> [The problem]:
Retype, exactly and with both ends included, the lines below from the one containing "12910 Woody Cr107 Road, Brookside, TX 77581" through the end; omit the pictures.

> [Records shown]:

══════════

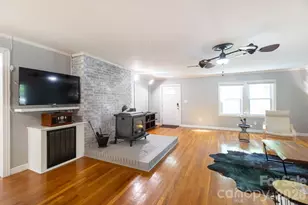 10623 Rozzelles Ferry Rd, Charlotte, NC 28214 - Photo 11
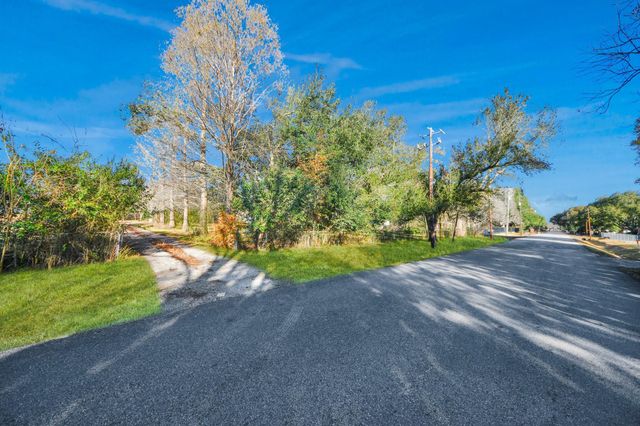 12910 Woody Cr107 Road, Brookside, TX 77581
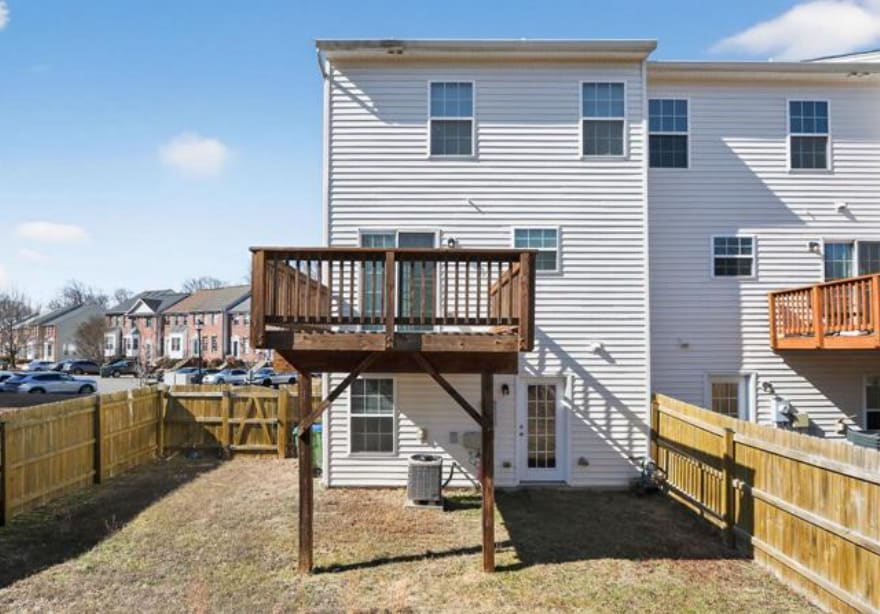 Foto del edificio - 211 Dundee Pl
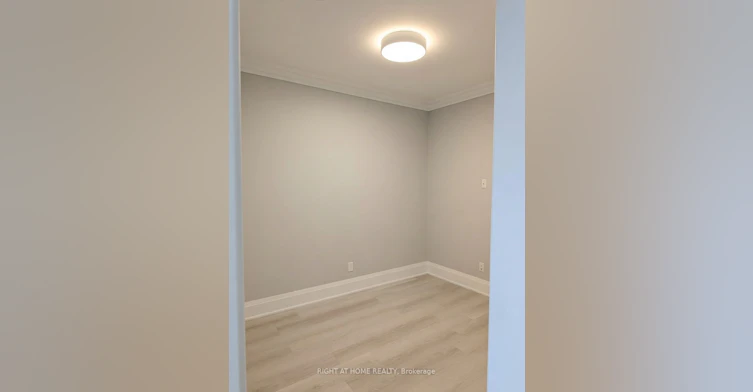 100 Harrison Garden Boulevard, Toronto, ON, M2M 0C2 - 3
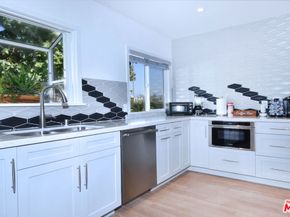3935 Kentucky Drive, Studio City CA 90068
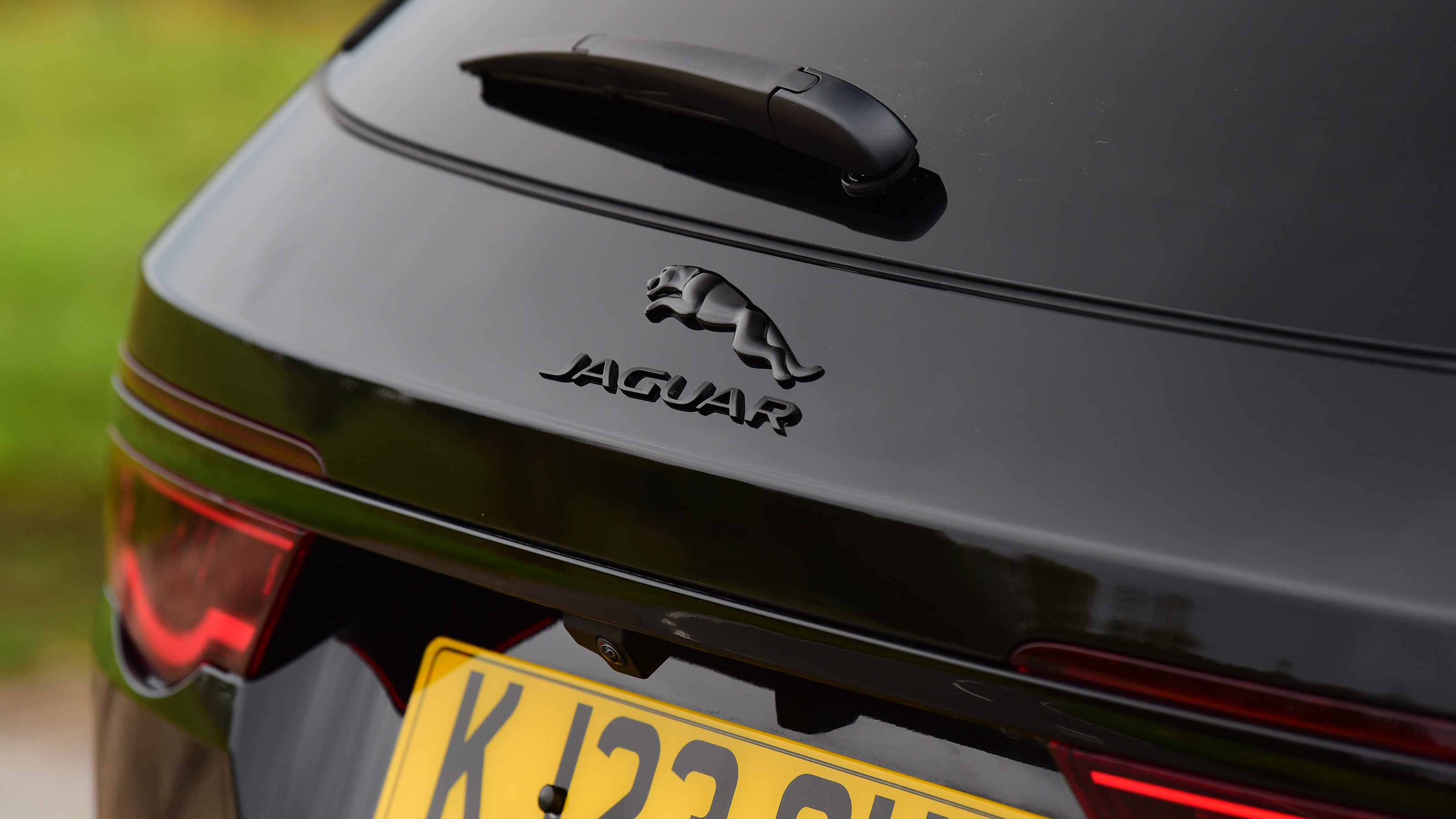 Jaguar XF Sportbrake - tailgate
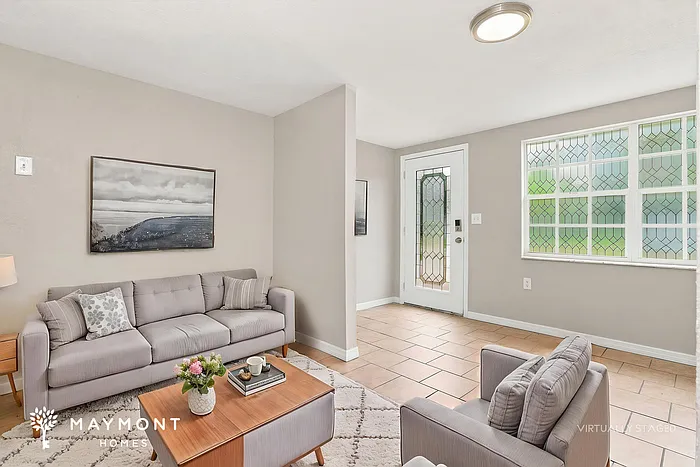 7827 Butler Ave — Photo 5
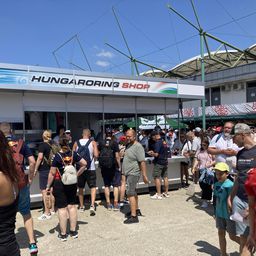 Forma-1: Ilyen árak fogadják a szurkolókat a Hungaroring ajándékboltjaiban
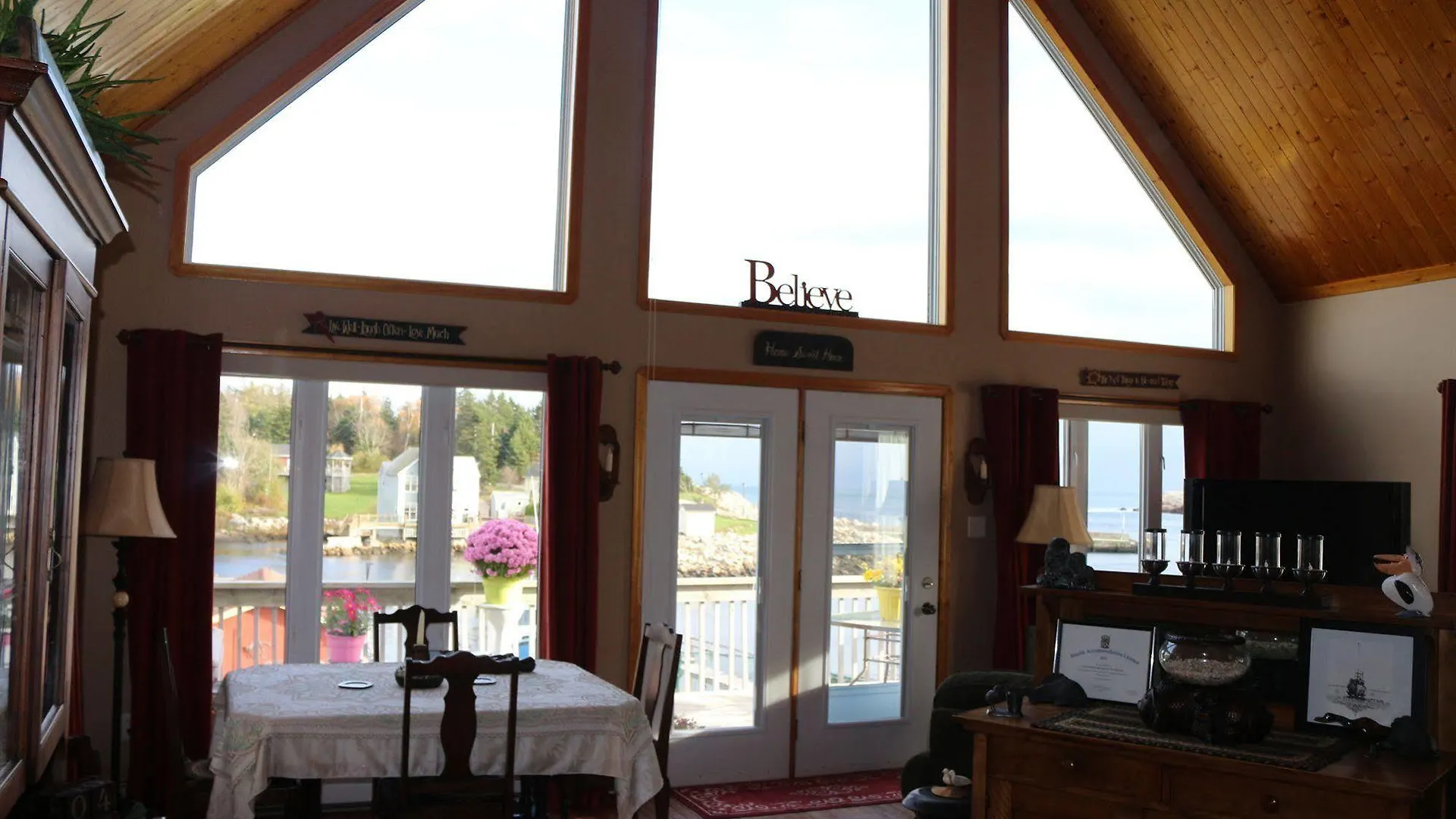 Sal'S Bed And Breakfast By The Sea Herring Cove 4*,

══════════

> [Answer section]:
 12910 Woody Cr107 Road, Brookside, TX 77581
 Foto del edificio - 211 Dundee Pl
 100 Harrison Garden Boulevard, Toronto, ON, M2M 0C2 - 3
3935 Kentucky Drive, Studio City CA 90068
 Jaguar XF Sportbrake - tailgate
 7827 Butler Ave — Photo 5
 Forma-1: Ilyen árak fogadják a szurkolókat a Hungaroring ajándékboltjaiban
 Sal'S Bed And Breakfast By The Sea Herring Cove 4*,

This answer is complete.